An individual complained that a telecommunications company required that he provide two pieces of identification when he applied for a second residential phone line to be installed.

Summary of Investigation

When the complainant applied for a second residential phone line to be installed, the representative of the telecommunications company asked him to provide two pieces of identification. According to the company, when a new phone service or an additional service is requested by a subscriber, as was the case here, the company's standard procedure is to inform the individual that he or she must provide these pieces of identification to confirm his or her identity. Examples of acceptable pieces of identification include: birth certificate, driver's licence number, health card number or Social Insurance Number. The telecommunications company considers its clients to be credit worthy for phone services and retains a file of all of its users. The pieces of identification that are provided are therefore compared to those that are included in the file to ensure that they correspond.

During the investigation, the complainant indicated that the company representative had told him that the purpose of collecting the information was to confirm his identity. However, he said that he had been told that he could provide only two types of identification: his driver's licence and his health card. He refused to provide the requested information and cancelled his application for a second residential phone line.

Commissioner's Findings

Issued August 5, 2003

Jurisdiction: As of January 1, 2002, the Personal Information Protection and Electronic Documents Act (the Act) applies to any federal work, undertaking or business. The Commissioner had jurisdiction in this case because the telecommunications company is a federal work, undertaking or business as defined in the Act.

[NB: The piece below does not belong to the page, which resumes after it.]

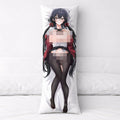 Taihō (Student Ver.) – AnimePillow Fan-Art Edition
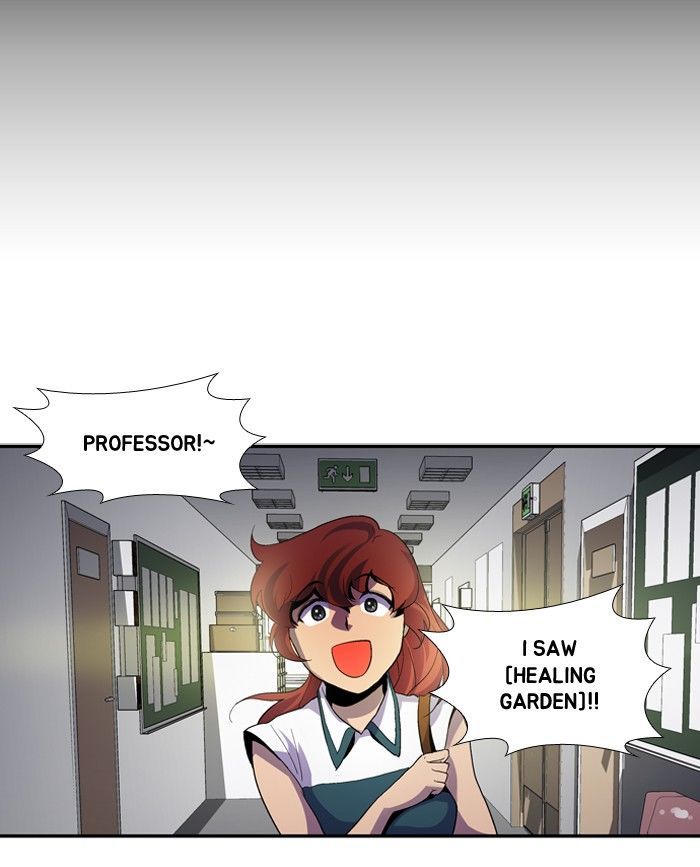 Dr. Frost chapter 95 - page 22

Application: Principle 4.3.3 of Schedule 1 of the Act stipulates that an organization shall not, as a condition of the supply of a product or service, require an individual to consent to the collection, use or disclosure of information beyond that required to fulfil the explicitly specified, and legitimate purposes. Principle 4.4 indicates that the collection of personal information shall be limited to that which is necessary for the purposes identified by the organization. Information shall be collected by fair and lawful means. Finally subsection 5(3) of the Act stipulates that an organization may collect, use or disclose personal information only for purposes that a reasonable person would consider are appropriate in the circumstances.

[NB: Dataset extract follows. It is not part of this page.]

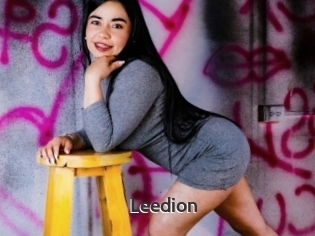 Leedion
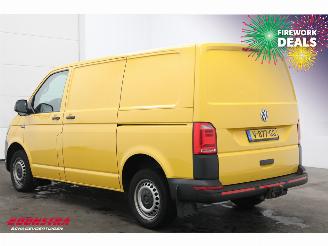 Volkswagen Transporter 2.0 TDI 150 PK L1-H1 2X Schuifdeur Airco Cruise PDC AHK picture 4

In similar cases against the company, the Commissioner has already established that a reasonable person would find that the organization collects personal information properly in order to verify the consumer's identity or to confirm a potential client's credit standing. He therefore found that the collection of information was not unreasonable and that the company respected Principle 4.3.3 of Schedule 1 and subsection 5(3) of the Act.

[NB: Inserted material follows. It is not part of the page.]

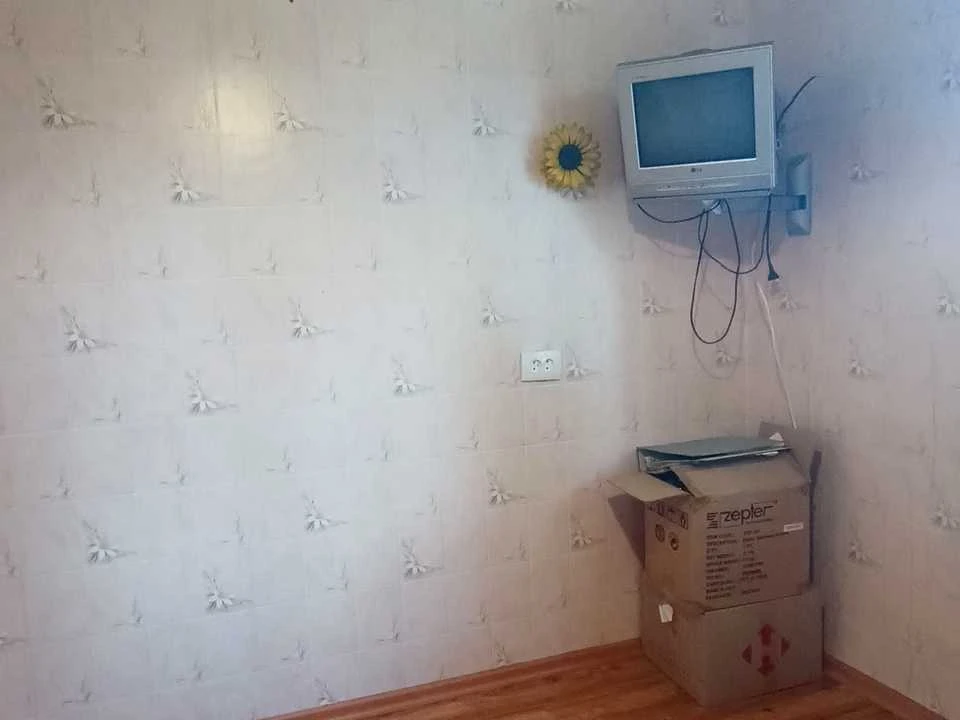 Apartment. Oleksii Riznichenka Street (Soprudnosti) in Kryvyi Rih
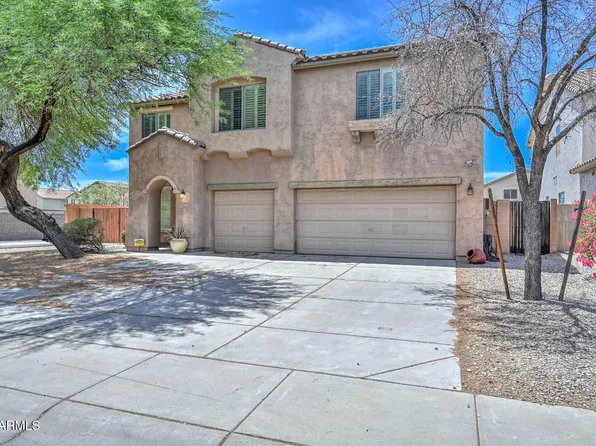 29789 W FAIRMOUNT Avenue, Buckeye, AZ 85396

Moreover, the Commissioner indicated that companies that collect information for the purpose of a credit check or to confirm identity must limit the collection to information that is necessary for the purposes identified by the organization, as mentioned in Principle 4.4 of Schedule 1 of the Act. The investigation revealed that the company asked for two pieces of identification and the Commissioner believed that because of this, it limited its collection of information that was necessary, thus complying with Principle 4.4 of Schedule 1 of the Act.

The Commissioner found that the complaint was not well-founded.